* _Work required_
Please reproduce the listing word for word. Pictures stay out.

* _Information shown_
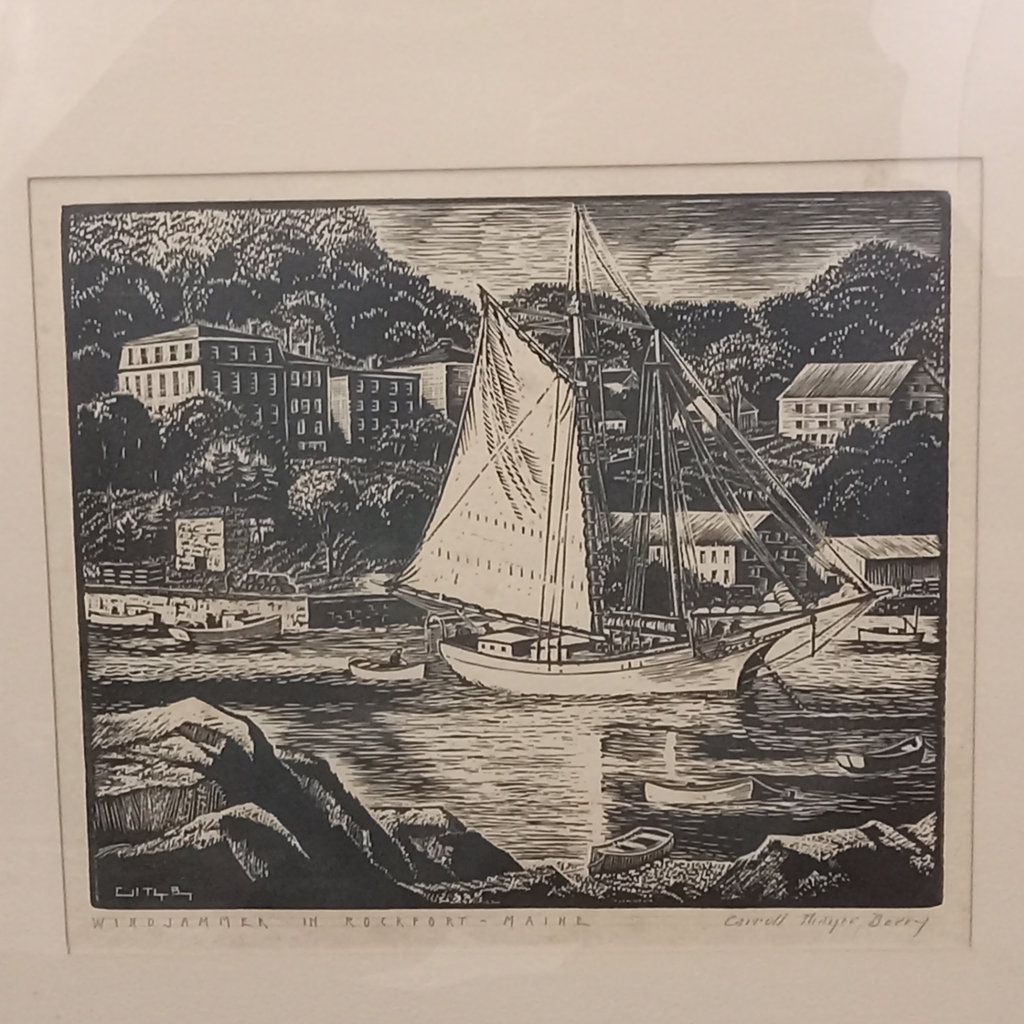 Carrol Thayer Berry Framed Wood Engravngs - image 10 of 15
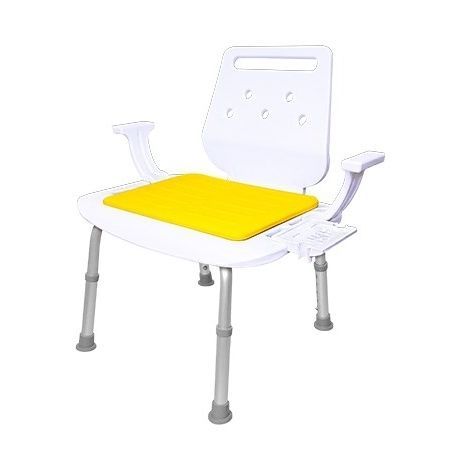 Sedia da doccia con braccioli - BA-10 series - Sunjoy Enterprises - con schienale / ad altezza regolabile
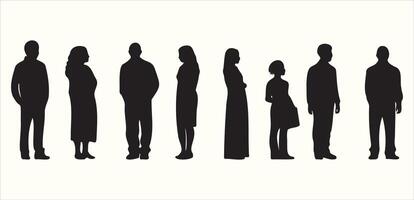 Clean and Minimal People Silhouettes vector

* _Exercise response_
 Carrol Thayer Berry Framed Wood Engravngs - image 10 of 15
 Sedia da doccia con braccioli - BA-10 series - Sunjoy Enterprises - con schienale / ad altezza regolabile
 Clean and Minimal People Silhouettes vector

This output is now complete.